Since I am also an atheist, there are plenty of religious books I could read as well, but I’ve read a ton of them already. I have read the Bible four times, cover to cover, using three different editions (King James x1, New International Version x1, and Douay Rheims x2), not counting the hundreds of times I have dipped into it to look up a specific verse for writing papers and whatnot. I also translated Genesis from the Latin Vulgate when I was taking Latin in one of my college classes. So I have read the Bible more times than a lot of religious folk probably have. I’ve read the Quran once, cover to cover. I’ve read the Book of Mormon in bits and pieces but never all the way through. Maybe I’ll do that one of these days. I teach college level World Mythology, so I have read all the Greco-Roman myths, all the Norse myths, most of the Celtic myths, and various Native American, various African, various Asian, and various South American myths more times than I can count. So, since any religious text is, to me, from an opposite point of view from what I hold, I can recommend the below:

The Holy Bible: Douay-Rheims Version (I prefer this version as this is translated directly from the Latin Vulgate, translated from the Hebrew)

The Holy Qur’an

The Upanishads, 2nd Edition

Buddhist Scriptures (Penguin Classics)

World Mythology: An Anthology of Great Myths and Epics edited by Donna Rosenberg. This is the one I use in my World Myths class and it is a really good text, very diverse and it connects to modern life very nicely.

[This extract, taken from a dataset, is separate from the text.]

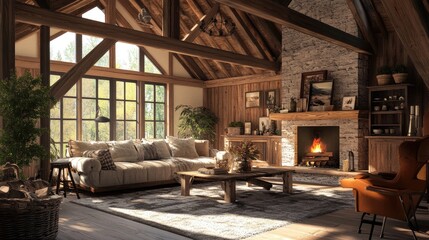 Fototapeta premium Rustic living room featuring wooden beams, a stone fireplace, a plush sofa, and vintage decor for a cozy cabin feel.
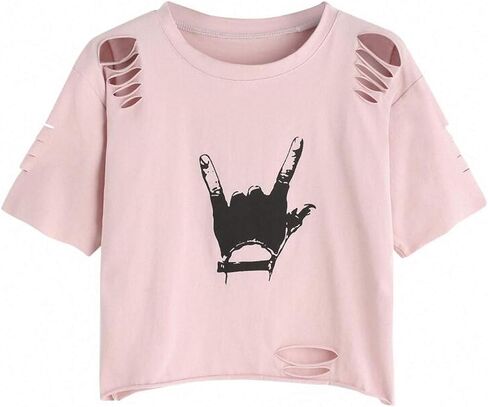 SweatyRocks Women's Short Sleeve T Shirt Graphic Print Distressed Crop Top in Saudi Arabia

This is just the tip of the iceberg, of course. I picked politics and religion because those are two hot topics for a lot of people and I think it is easy to forget that both sides can have valuable points, regardless of whether you agree or not. So maybe try reading some books from a different point of view from your own and see what you can get out of it. What books would you recommend adding to the list?